Another way would be to fill a probe with a variety of single cell organisms and send if off to one of the rocky exoplanets we detected in the habitable zone of a distant star. There are a number of ethical issues associated with a project like that such as what if the planet already harbors life?  However, for the preservation of Earth-based life we could hope that it would crash on a water rich world and through the process of evolution intelligent creatures might develop millions of years from now. Those creatures would look up at the night sky and dream of reaching the stars never knowing that it was their ancestors in a far of part of the galaxy that started life on their planet.  It could very well be a story that has already played out in the history of the universe.  

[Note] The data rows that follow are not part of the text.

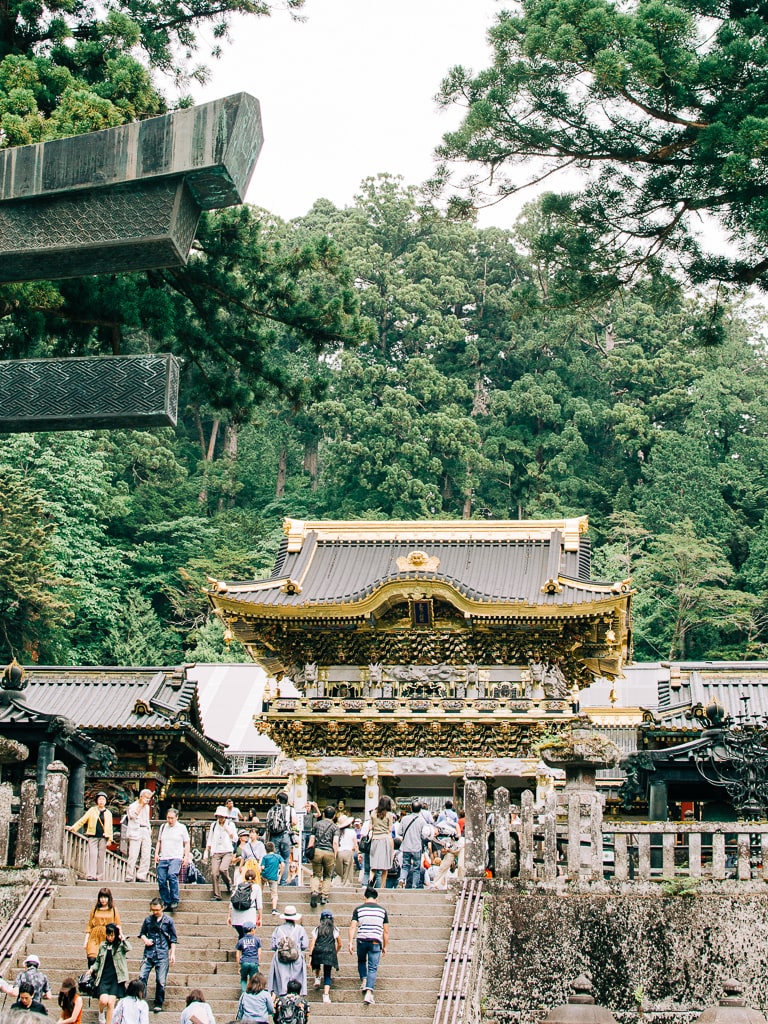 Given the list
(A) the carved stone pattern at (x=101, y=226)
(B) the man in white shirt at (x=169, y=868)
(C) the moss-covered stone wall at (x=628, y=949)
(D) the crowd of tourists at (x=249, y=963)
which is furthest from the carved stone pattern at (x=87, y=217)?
(C) the moss-covered stone wall at (x=628, y=949)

Lastly, it could be that we pack the instruction kit for building a human being into a capsule and send it searching endlessly through the universe looking for a home where a civilization could follow the instructions to build Adam and Eve to keep the human race going.  All of these seem like the far-fetched dreams of sci-fi movies and books.  As each day passes it seems more likely that some form of microbial life might already exist in our solar system and if it does exist, the odds increase dramatically that we are not the only species in the universe capable of intelligence and space travel.  Yet, budget, financial turmoil and politics have us moving at a crawl to explore a solar system potentially teeming with some form of minute life, but life nonetheless.   The Mars Rovers, Mars Curiosity, Dawn, New Horizons, and Cassini are all “flagship” type missions that have enhanced and will enhance our understanding of how we came to be and what else might exist in our solar system.  After these missions, the science will continue to be analyzed for decades, but what lies next for our exploration of Enceladus and Europa, of humans on Mars, or harnessing resources from the Moon or nearby asteroids.  It seems we have a long ways to go and not much Presidential and Congressional vision to get us there.  It may be that visionaries like Rod Serling and other science fiction writers may offer us the best and perhaps our only view of our future in space.  Like the astronaut in "The Long Morrow", I would rather take our chances and explore space now. If technology improves that would be a bonus, but let's not wait until it's too late to reach for the stars.